The June column prompted several readers to post comments alleging that using a pointer to access a C++ class object representing a memory-mapped device incurs a performance penalty by somehow adding unnecessary indirect addressing. Interestingly, no one complained that using a pointer to access a C structure incurs a similar performance penalty. This left me wondering if the allegation is that using a C++ class is more expensive than using a C structure, or if it's that using pointers to access memory-mapped class objects is more costly than using some other means.
My impression is that the authors of the comments were more concerned about the latter--the alleged cost of using pointers. However, I suspect many of you are also interested in knowing whether using C++ classes is more expensive than using comparable C structures. I know I am. Therefore, I decided to evaluate alternative memory-mapped device implementations in both C and C++.
In my August column, I described the common standard and non-standard mechanisms for placing objects into memory-mapped locations.3 In September, I presented alternative data representations for memory-mapped device registers that eliminate the need to use pointers to access memory-mapped devices.4 In November, I delineated some of those alternatives more explicitly.5
All of this brings us back to the question I set out to answer: Does eliminating pointer references from function calls and function bodies actually improve the run-time performance of C or C++ code that manipulates memory-mapped devices? To answer this, I ran some timing tests using a few different C and C++ compilers. This month, I'll describe how I wrote the tests and what conclusions I think we can draw from the results. Some of the results surprised me. I suspect they'll surprise many of you, too.

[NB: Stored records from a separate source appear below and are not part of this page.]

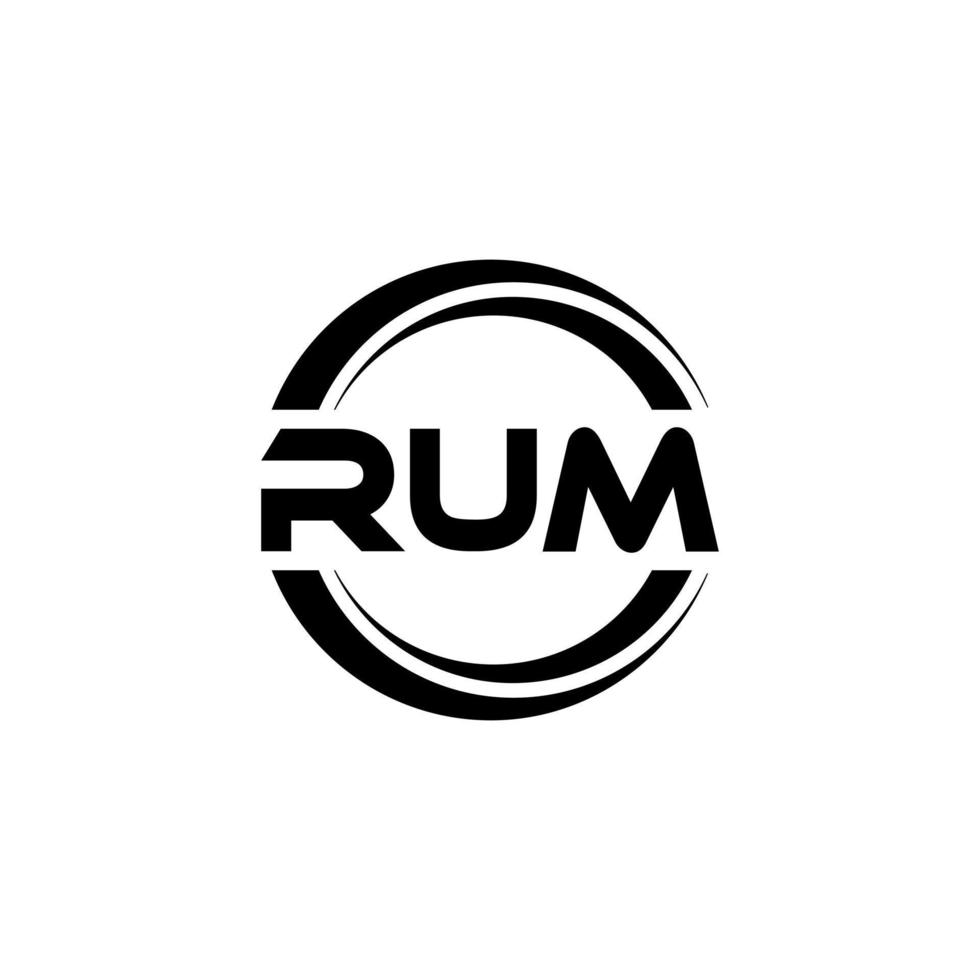 RUM letter logo design in illustration. Vector logo, calligraphy designs for logo, Poster, Invitation, etc.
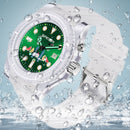 SANDA 6078 Fluorescent Calendar Dial Transparent Strap Quartz Watch for Women(Transparent White Belt Green Surface)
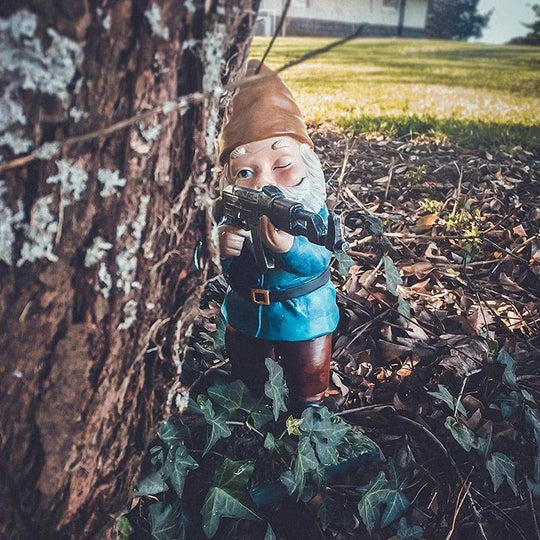 Garden Statue Gnome Figure | Camo Garden Decoration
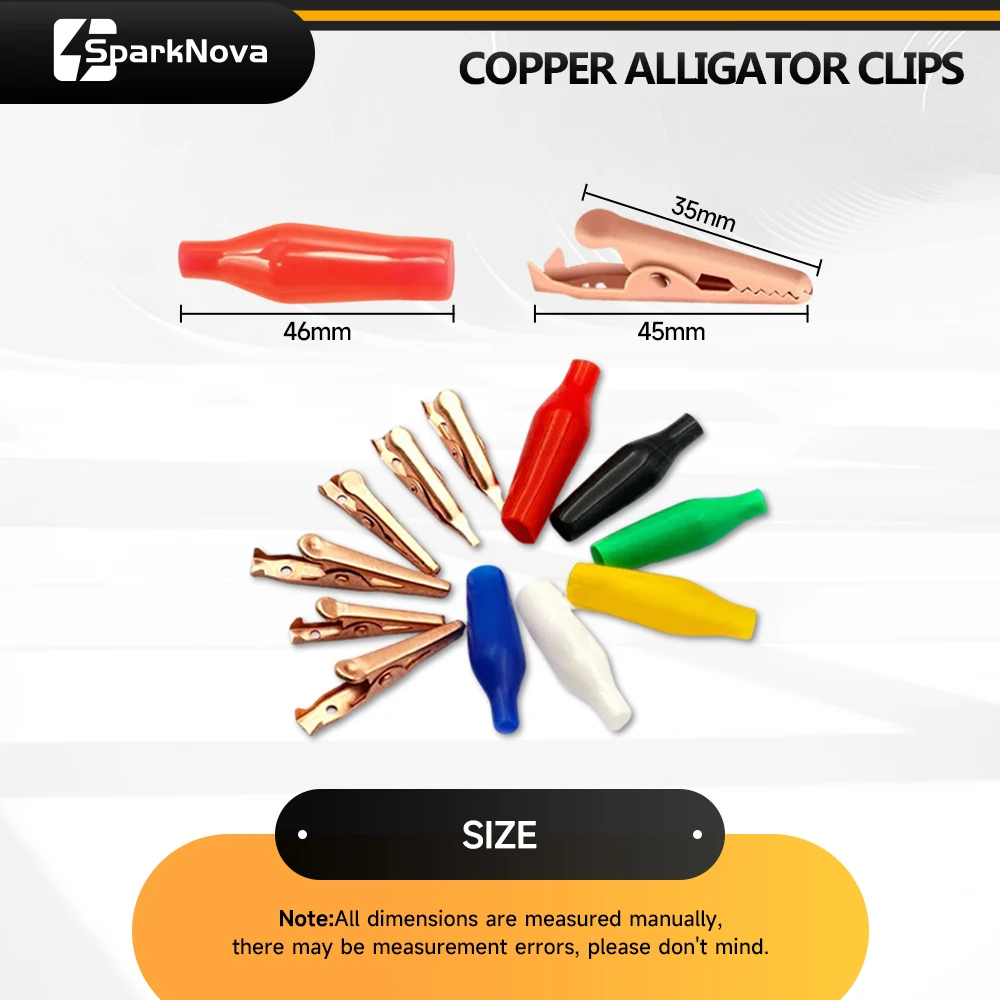 Copper Alligator Clips 45MM Black Red Blue Black Yellow Soft Plastic Coated Testing Probe Mini Crocodile Type Clips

Test design considerations
Different processors support different combinations of addressing modes. Some are better at, say, absolute addressing than they are at base+offset addressing, and others are just the opposite. For a given processor, some compilers may be better than others at leveraging the addressing modes on the target processor. Thus, the results you get from measurements made with one compiler targeting one processor may not be the same as what you get with a different compiler or different target processor. No surprise there.
I have access to only a modest assortment of compilers and processors. Any conclusions that we can draw from running tests with the tools I have might be broadly applicable, but I have no illusions about discovering universal truths. Running tests on only a small set of compilers or processors can still yield useful information--just not as much as most of us would like. Therefore, I'll explain how and why I designed the test programs as I did so that you can write similar (or perhaps better) tests for other compilers and processors, make your own measurements, and share your observations with the rest of us.
For this first round of measurements, I decided to use the one evaluation board I have that I can program with multiple compilers. The board has a 50-MHz ARM processor with 512 Kbytes of memory and a small assortment of memory-mapped devices. I used three different compilers, each from a different vendor and of different vintage. Each compiler supported both C and C++. I compiled for the ARM (rather than THUMB) instruction set with little-endian byte ordering. I set each compiler to optimize for maximum speed. I didn't turn the instruction cache on.
All of the tests are variations on the same theme: the main function in each program repeatedly calls a function that accesses a memory-mapped device, and counts the number of calls it makes in a given span of time. Each program differs in (1) how it represents the registers of the memory-mapped device, (2) how it accesses those registers, and (3) whether the access functions are inline or not.
The purpose of these test programs is to provide information to help evaluate programming techniques. They're not for compiler benchmarking. Therefore, I won't identify the compiler vendors. Rather, I'll refer to each compiler by the year in which it was released: 2000, 2004, and 2010.